Required work
Lower down are entries containing pictures. Copy exactly, without those pictures, the lines from the line with "appartement in Den-haag" through the line with "Exploring Promotions in".

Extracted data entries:
<<<<

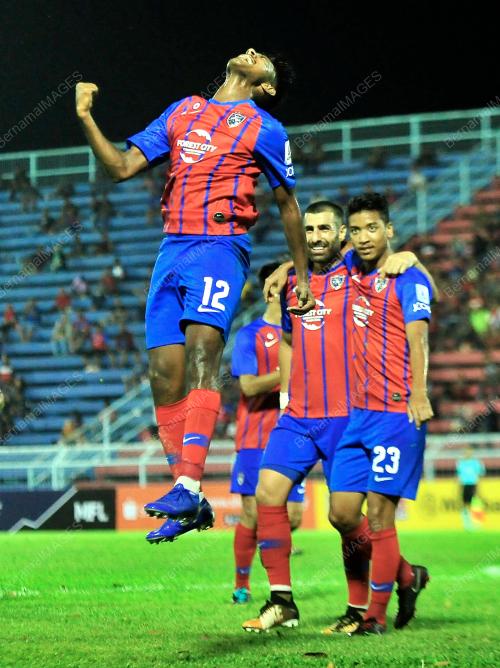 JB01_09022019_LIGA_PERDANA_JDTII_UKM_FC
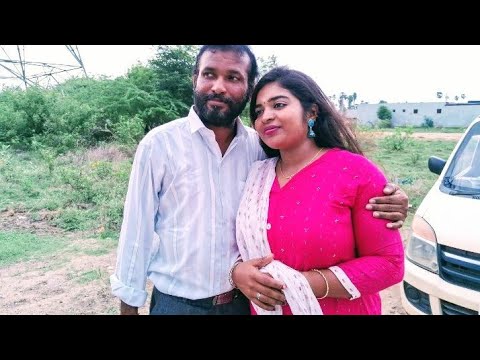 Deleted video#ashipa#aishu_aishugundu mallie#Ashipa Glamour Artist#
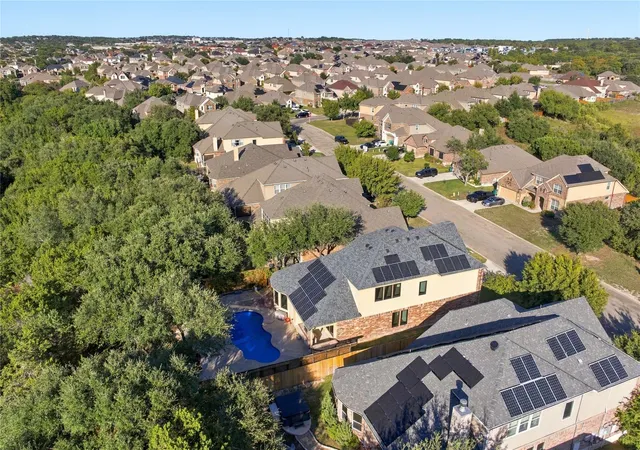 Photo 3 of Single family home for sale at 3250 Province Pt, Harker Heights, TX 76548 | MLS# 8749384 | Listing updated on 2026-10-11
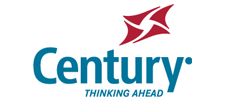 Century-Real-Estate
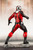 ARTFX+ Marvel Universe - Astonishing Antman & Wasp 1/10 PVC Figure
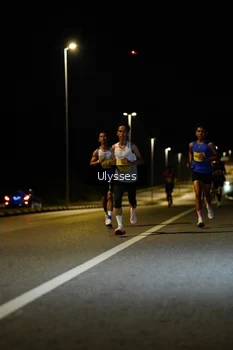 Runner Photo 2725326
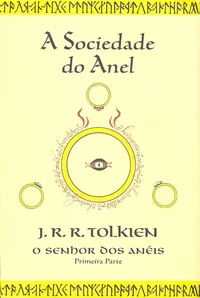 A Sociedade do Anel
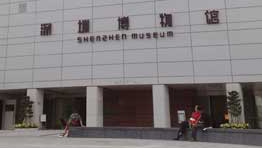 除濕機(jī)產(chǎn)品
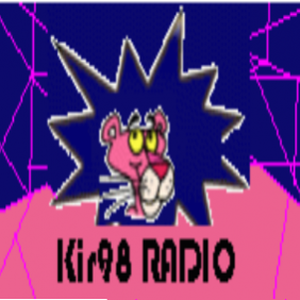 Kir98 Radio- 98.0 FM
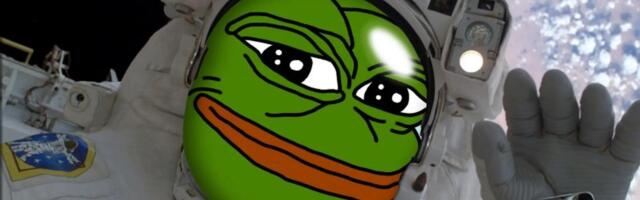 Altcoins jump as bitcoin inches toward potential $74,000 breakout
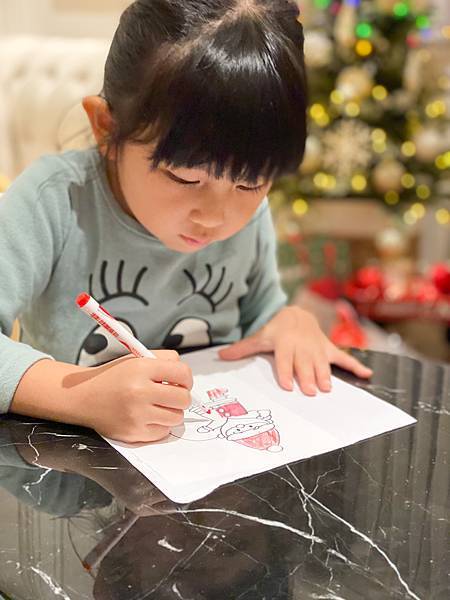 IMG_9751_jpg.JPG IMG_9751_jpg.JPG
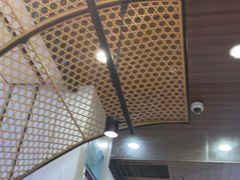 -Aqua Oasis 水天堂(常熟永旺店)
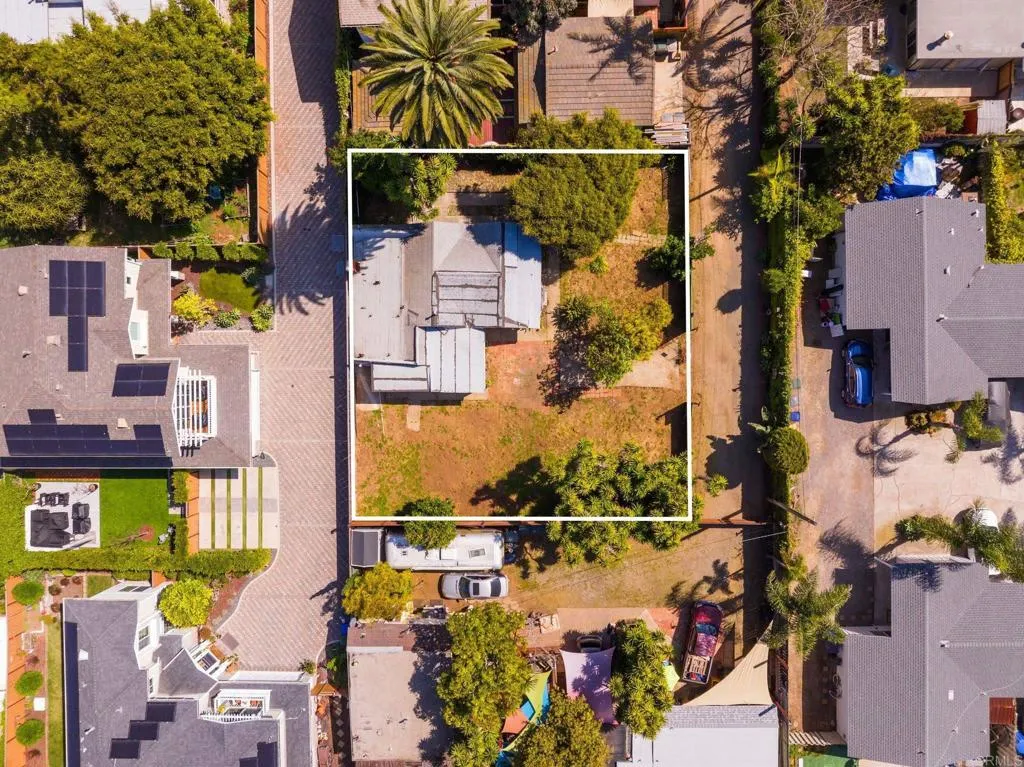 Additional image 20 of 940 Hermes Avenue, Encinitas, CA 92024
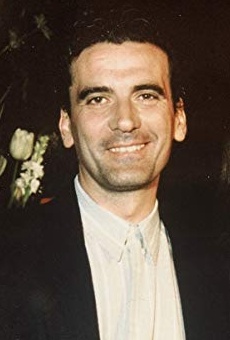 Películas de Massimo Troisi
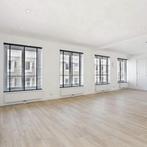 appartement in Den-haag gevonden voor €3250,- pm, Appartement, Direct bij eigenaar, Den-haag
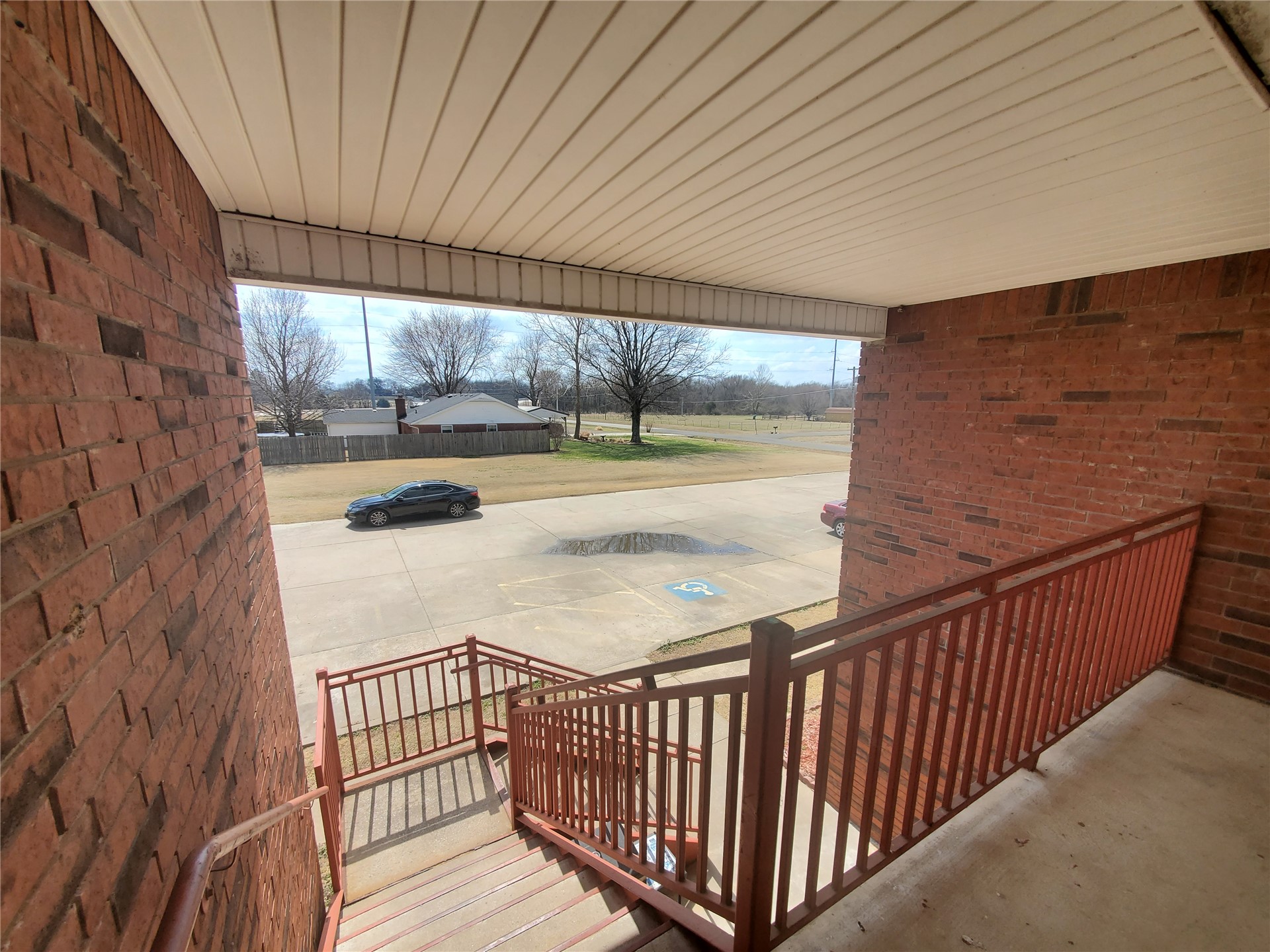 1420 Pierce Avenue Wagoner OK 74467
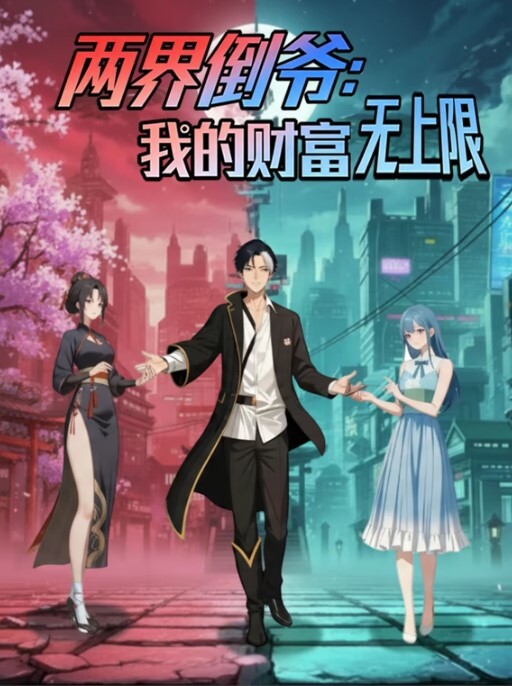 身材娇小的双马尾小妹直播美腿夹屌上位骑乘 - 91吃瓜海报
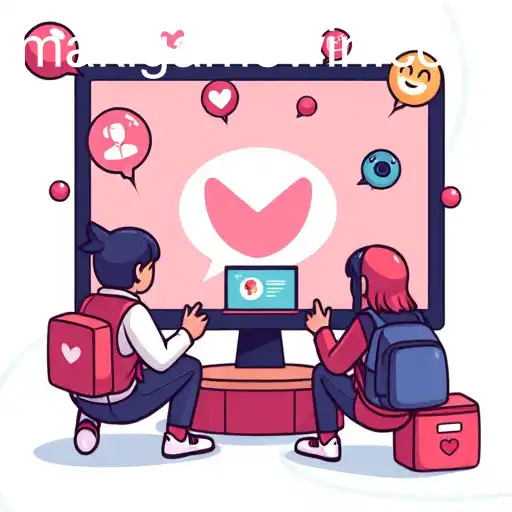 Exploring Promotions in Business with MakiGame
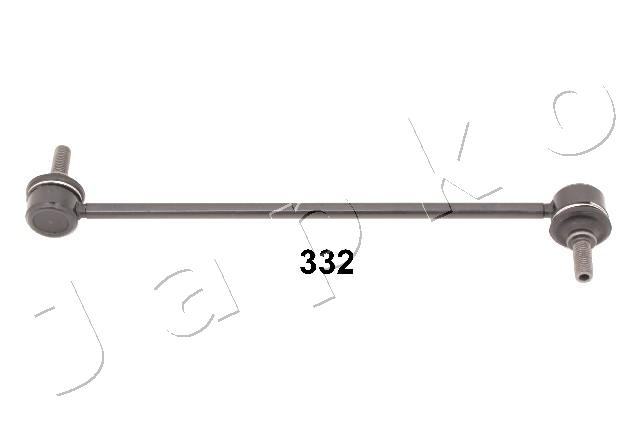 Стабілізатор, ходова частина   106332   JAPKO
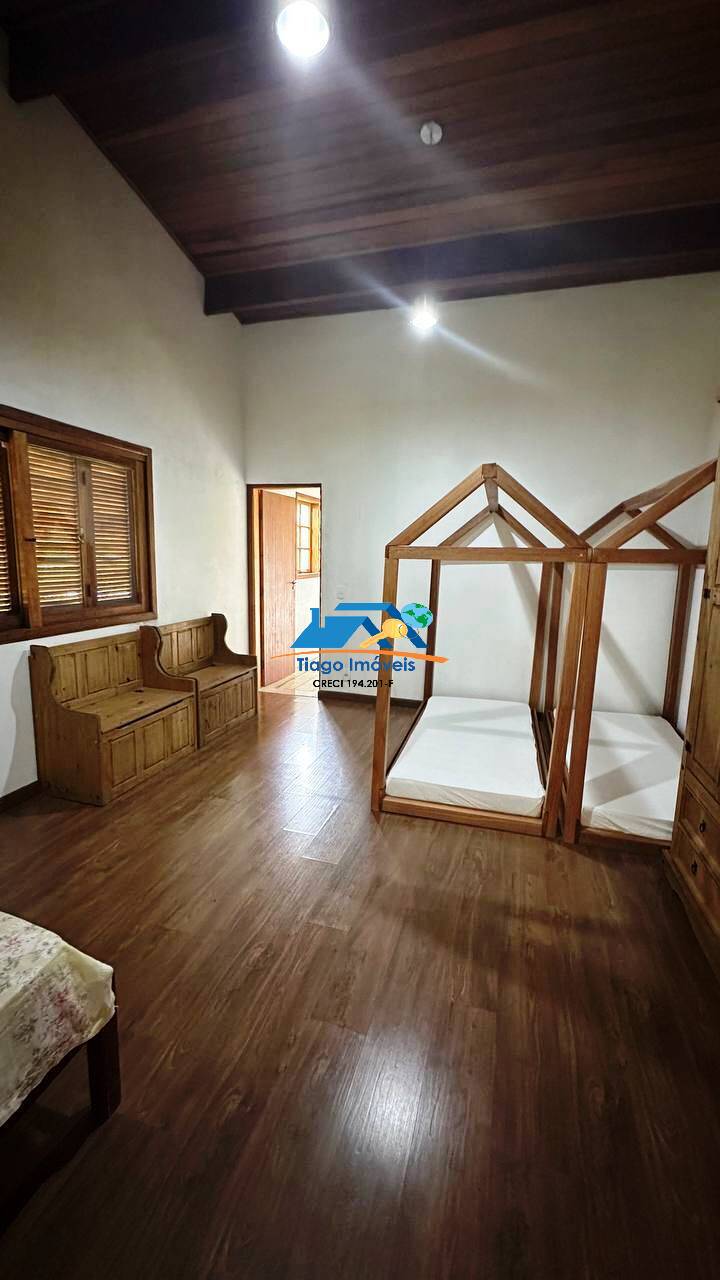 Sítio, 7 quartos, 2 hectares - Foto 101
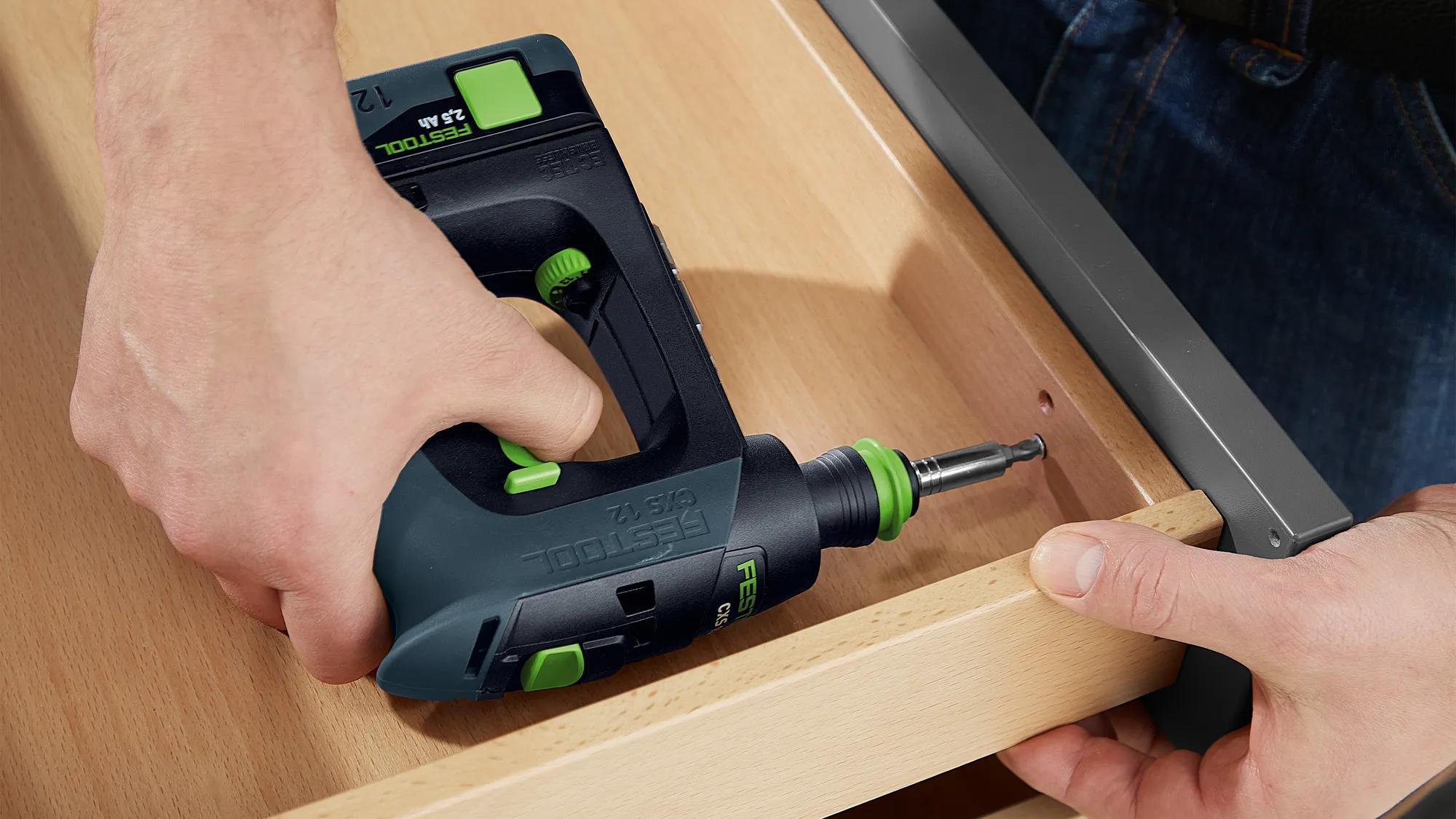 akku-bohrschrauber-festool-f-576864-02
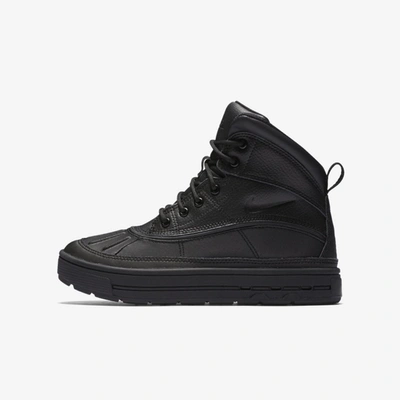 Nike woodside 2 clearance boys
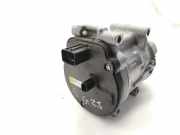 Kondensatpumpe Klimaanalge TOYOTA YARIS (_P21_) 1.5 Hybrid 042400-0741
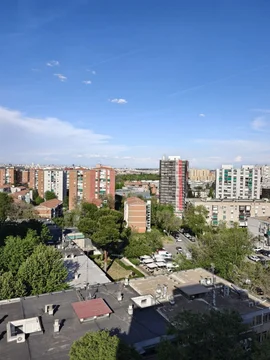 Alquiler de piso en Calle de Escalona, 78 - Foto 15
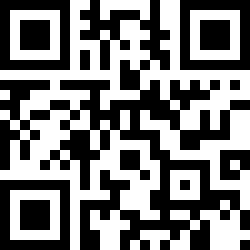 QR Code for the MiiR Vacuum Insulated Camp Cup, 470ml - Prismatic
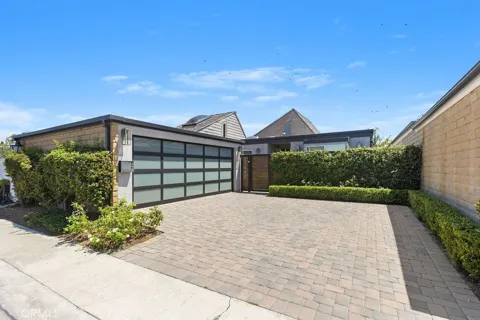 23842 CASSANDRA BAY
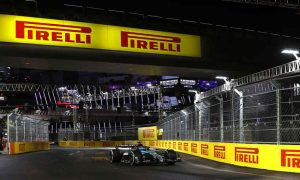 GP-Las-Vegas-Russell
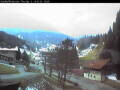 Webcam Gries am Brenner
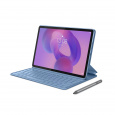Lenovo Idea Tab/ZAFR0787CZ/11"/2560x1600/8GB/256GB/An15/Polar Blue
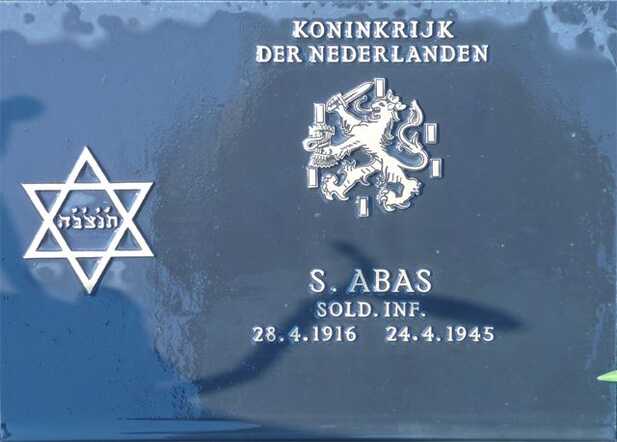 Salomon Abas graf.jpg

>>>>

Task solution
 appartement in Den-haag gevonden voor €3250,- pm, Appartement, Direct bij eigenaar, Den-haag
 1420 Pierce Avenue Wagoner OK 74467
 身材娇小的双马尾小妹直播美腿夹屌上位骑乘 - 91吃瓜海报
 Exploring Promotions in Business with MakiGame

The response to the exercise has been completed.